Yeah, we sometimes have channels disappear. We sometimes change the frequency from like: H to V. Most times that will bring the signal back. Sometimes they are moved without warning. Try searching in Google or Yahoo for the name of the channel and frequency. If it isn't totally shut down, you should find it.


----------



## GM1 (Sep 30, 2008)

Here you will find updated lists: Nilesat 101/102/201 & Atlantic Bird 4A at 7.0°W - LyngSat or Nilesat 101 (7.0W) - All transmissions - frequencies - KingOfSat The last one gives also the category.

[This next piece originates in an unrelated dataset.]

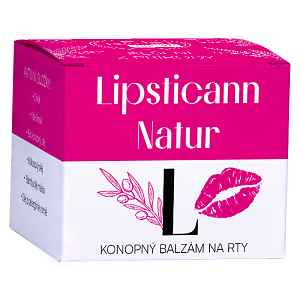 Annabis Lipsticann Natur Konop.balzám Na Rty 15ml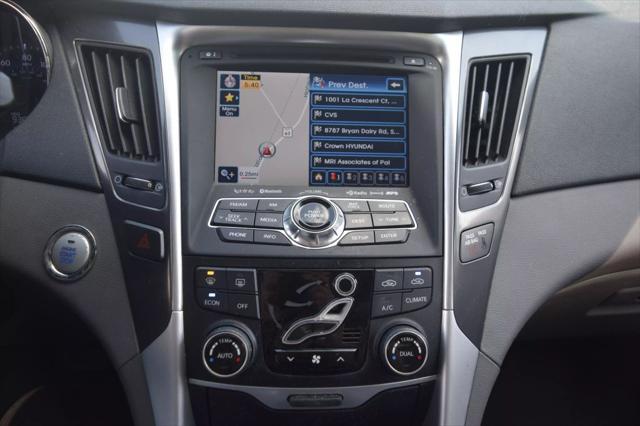 used 2015 Hyundai Sonata Hybrid car, priced at $8,995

If you want to search on your receiver for a specific channel you need this information: frequency, H or V, symbol rate (most times 27500) and FEC rate (3/4 or 4/5).


----------



## GM1 (Sep 30, 2008)

This is the correct second link: Atlantic Bird 4A / Nilesat 101 / Nilesat 102 / Nilesat 201 (7W) - All transmissions - frequencies - KingOfSat (only FTA (free to air))


----------



## menas (Mar 31, 2011)

> Does anyone else have channels that keep disappearing?


It happens with me all the time, Nile Sat and Hotbird as well. sometime it is just a matter of frequency so try to scan again.


----------